List<Integer> lengths = stream.collect(Collectors.mapping(String::length, Collectors.toList()));
  1. Reducing to a Single Value:

Optional<String> concatenated = stream.collect(Collectors.reducing((s1, s2) -> s1 + s2));

Collectors provide a powerful way to perform complex collection operations succinctly and efficiently in Java.

Reduce#

Optional<T> reduce(BinaryOperator<T> accumulator)

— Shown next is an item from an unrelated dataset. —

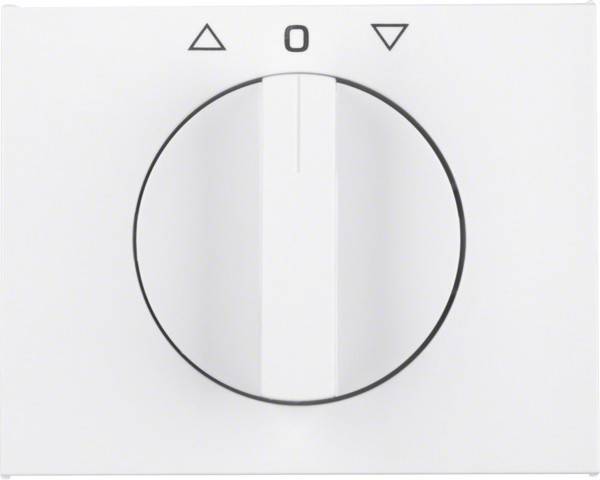 Berker Zentralstück mit Drehknopf 1077710900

List<Integer> spendings = List.of(14, 22, 10, 18, 16, 15, 20);

int total = spendings
            .stream()
            .reduce((partialSum, next) partialSum + next)
            .orElse(0);

Collect#

<R> R collect(
    Supplier<R> supplier,
    BiConsumer<R, ? super T> accumulator,
    BiConsumer<R, R> combiner
);
ArrayList<String> strings = stream.collect(
    () -> new ArrayList<>(),
    (collection, element) -> collection.add(element.toString()),
    (collection1, collection2) -> collection1.addAll(collection2)
);

Pulling the mapping operation from accumulator function:

ArrayList<String> strings =
    stream
    .map(Object::toString)
    .collect(ArrayList::new, ArrayList::add, ArrayList::addAll);

Processing methods#

String top3EmpNames =
  employees()
    .stream()
    .filter(Employee::isActive)
    .limit(3)
    .collect(Collectors.joining(", "));

map() vs flatMap()#

Collectors#

collect(Collectors.toList());

collect(Collectors.toSet());

collect(Collectors.toMap(e -> e.name, e -> e));

collect(Collectors.joining(", "));

Group By department

Map<Department, List<Employee>> deptWiseEmployees =
    employees
        .stream()
        .collect(Collectors.groupingBy(e -> e.getDepartment()));

Department wise count of employees

Map<Department, Long> deptWiseEmpCount =
    employees
        .stream()
        .collect(Collectors.groupingBy(Employee::getDepartment, Collectors.counting()));

Reduction, concurrency and ordering#

Map<Buyer, List<Transaction>> salesByBuyer =
    txns
    .parallelStream();
    .collect(Collectors.groupingBy(Transaction::getBuyer));

Parallel Streams#

Beneficial only when have a significant size of data like 10K+ else, the overhead might be more and doesn’t give any improvement in speed. Benchmarking is the way to go.